On July 20, 2018, OSHA published a proposed rule to rescind the requirement for establishments with 250 or more employees to electronically submit information from the OSHA 300 Log and 301 form and added a requirement for covered establishments to include the Employer Identification Number with their submissions. These establishments will continue to be required to submit information from their Form 300A summaries. Public comments are due by September 28.

An “establishment” is defined as a single location where business is conducted or where services/operations are performed. Where employees normally do not work at a single physical location, it is considered the main (or branch) office that supervises the employees’ activities or the base where employees carry out these activities.   Employers must keep a separate OSHA 300 log for each establishment that is expected to be in operation for one year or longer. With respect to short-term establishments, i.e., those worksites where employees are expected to be working for less than a year, employers are required to keep injury and illness records but are not required to keep separate logs. Instead, employers may keep one log covering all short-term establishments, or may include the short-term establishment records in logs that cover individual business divisions or geographic regions.
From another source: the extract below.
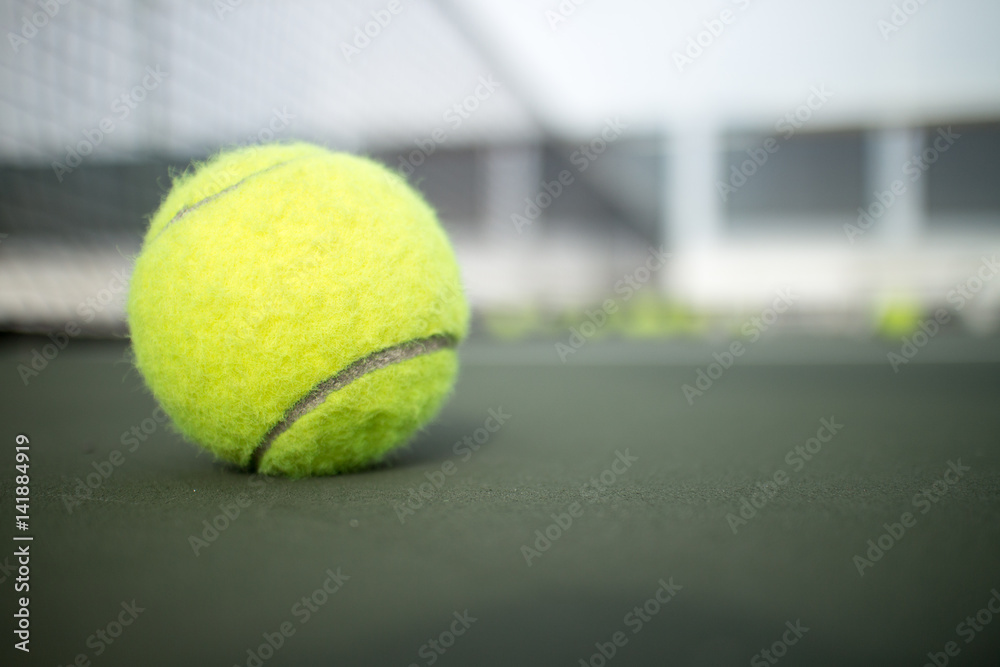 Tennis ball on tennis hard court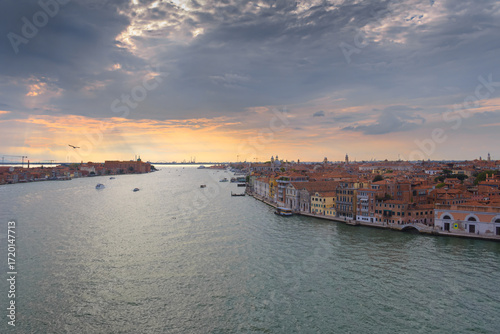 Aerial sunset view of the Giudecca Canal with the cityscape of Venice, Italy.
Accordingly to OSHA, one business normally only has one establishment.  However, in limited circumstances, a business may consider two or more separate businesses that share a single location to be separate establishments thus maintaining their own recordkeeping.  This occurs when (1) each of the establishments represents a distinctly separate business; (2) each business is engaged in a different economic activity; (3) no one industry description in the Standard Industrial Classification Manual of 1987[1] applies to the joint activities of the establishments; and (4) separate reports are routinely prepared for each establishment on the number of employees, wages and salaries, sales or receipts, and other business information.  By way of example, if an employer operates a construction company at the same location as a lumber yard, the employer may consider each business to be a separate establishment.

Similarly, one establishment may have more than one physical location only when (1) the employer operates the locations as a single business operation under common management; (2) the locations are all located in close proximity to each other; and (3) the employer keeps one set of business records for all the locations.

OSHA permits keeping records for all establishments at a central location, e.g., corporate headquarters provided that it can transmit injury/illness information from any such establishment to the central location within seven calendar days of receiving information about a recordable event and it can produce the information in the required time period to government representatives, employees, former employees or employee representatives.

Recordable injuries or illnesses sustained by an employee at a remote location must be recorded on that employee’s home establishment’s OSHA 300 log. In cases where employees work at several different locations or do not work at any establishment, each employee must be linked to one of the employer’s establishment. In other words, all of the employee’s injuries and illness must be recorded on either his/her home establishment’s OSHA 300 log, or a general OSHA 300 log for short-term establishments.

It is important for businesses to ensure they are properly recording injuries and illnesses as such records are normally requesting during an OSHA inspection, accessible to employees and their representatives and can be very helpful tools in conducting internal health and safety audits.

[1] OSHA began using the North American Industrial Classification System (NAICS) for industry identification in various data sets as of January 1, 2003.